Developing a sensitivity to words.

I wonder, do most writers develop a special sensitivity to word use? The meaning, the tone, the cadence, the rhythm, and even the hidden message? I hadn’t thought about this in general, though I certainly appreciate all of these attributes in poetry and well developed writing. Maybe it’s a silly waste of time but I often edit emails until the rhythm and meaning feel better to me than my original quick typing.

Over the last few days I have received forwarded emails from a friend and, though I had no real knowledge of what was true or false in the first one, I felt a certain unease when reading it and responded neutrally and in few words to the person who sent it. I did react immediately to the next forwarded email.
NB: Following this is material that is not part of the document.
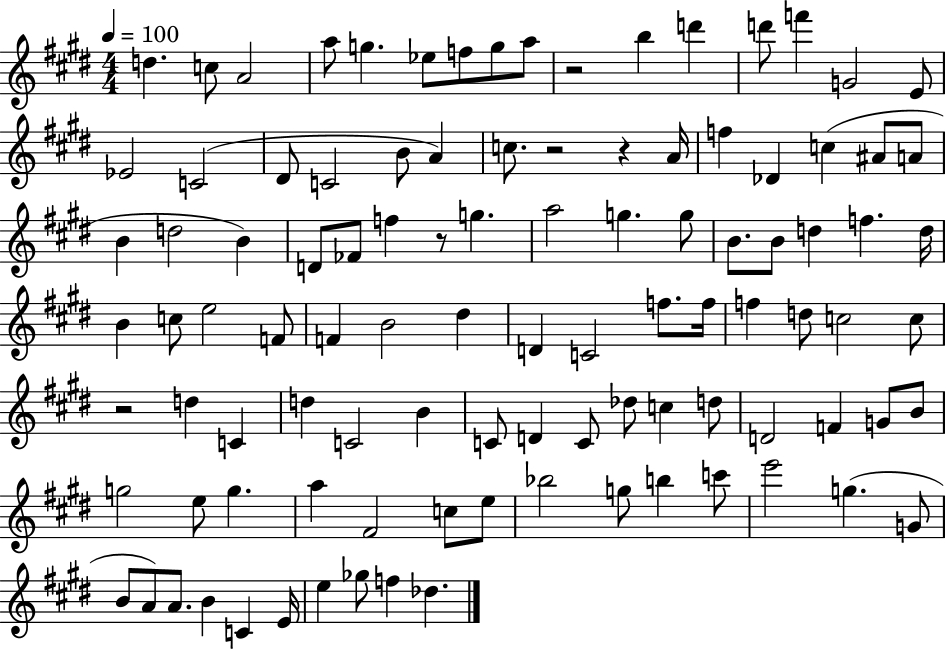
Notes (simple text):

D5/q. C5/e A4/h A5/e G5/q. Eb5/e F5/e G5/e A5/e R/h B5/q D6/q D6/e F6/q G4/h E4/e Eb4/h C4/h D#4/e C4/h B4/e A4/q C5/e. R/h R/q A4/s F5/q Db4/q C5/q A#4/e A4/e B4/q D5/h B4/q D4/e FES4/e F5/q R/e G5/q. A5/h G5/q. G5/e B4/e. B4/e D5/q F5/q. D5/s B4/q C5/e E5/h F4/e F4/q B4/h D#5/q D4/q C4/h F5/e. F5/s F5/q D5/e C5/h C5/e R/h D5/q C4/q D5/q C4/h B4/q C4/e D4/q C4/e Db5/e C5/q D5/e D4/h F4/q G4/e B4/e G5/h E5/e G5/q. A5/q F#4/h C5/e E5/e Bb5/h G5/e B5/q C6/e E6/h G5/q. G4/e B4/e A4/e A4/e. B4/q C4/q E4/s E5/q Gb5/e F5/q Db5/q.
It made me uncomfortable before I had read more than a paragraph, even though I had no knowledge of the subject being addressed. Something about the tone and rhythm disturbed me.
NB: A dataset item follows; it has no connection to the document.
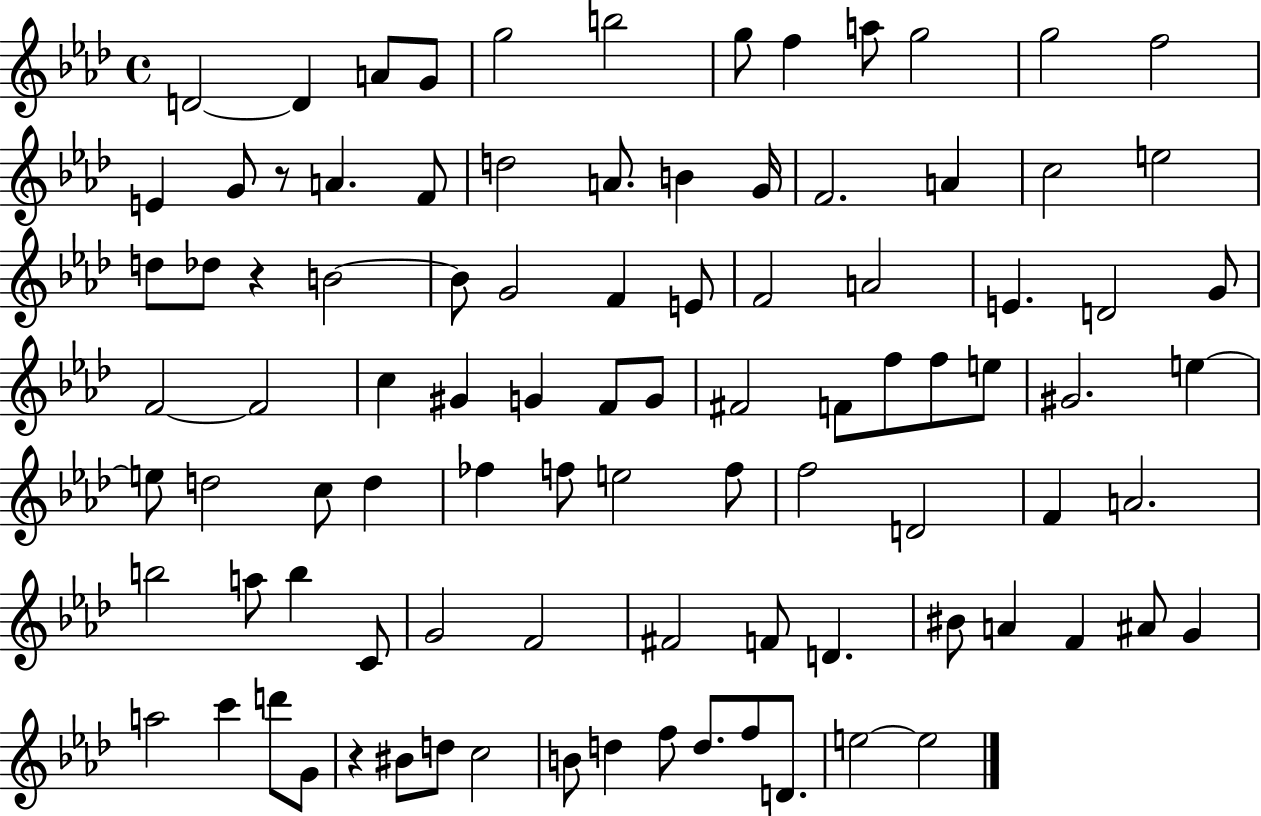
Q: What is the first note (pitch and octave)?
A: D4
Then, the next day I learned during a radio program about “Fake Mail” that the first piece, attacking a well-known person (nothing to do with politics) , was entirely false and meant to injure the individual slandered there.

I thought again about the second message which was much stronger, but on a subject I know very little about. Why did both messages make me uncomfortable?

Looking at them again I decided it was word use only. I wonder, when we have intense feelings about something, especially when those feelings are negative, do we write or talk in a different manner than we might otherwise? I know from experiences way back when I marched in groups protesting the war in Vietnam and also marched in support of the Equal Rights Amendment, that organizers always wanted us to be peaceful, no ugly shouted words. “Think about what you want to say before you open your mouth” one organizer said.

If the authors of those emails that made me immediately suspicious had listened to messages like that, would I still have been on immediate alert? Today, since the Internet as the publishing platform for opinions of every shade has changed the way we express those opinions, do those of us who are full-time authors pay more attention to the feeling coming from a collection of words than most people? We certainly think about the meaning and effect of each word we use in our writing. That’s one reason I have said I believe writing poetry is good training for any writer, whether or not their writing career is about writing fact or fiction instead of poetry.

Authors out there–are we more sensitive to the result , the meaning and even the truth of words we read or hear simply because we must think deeply about word use in our own creative writing?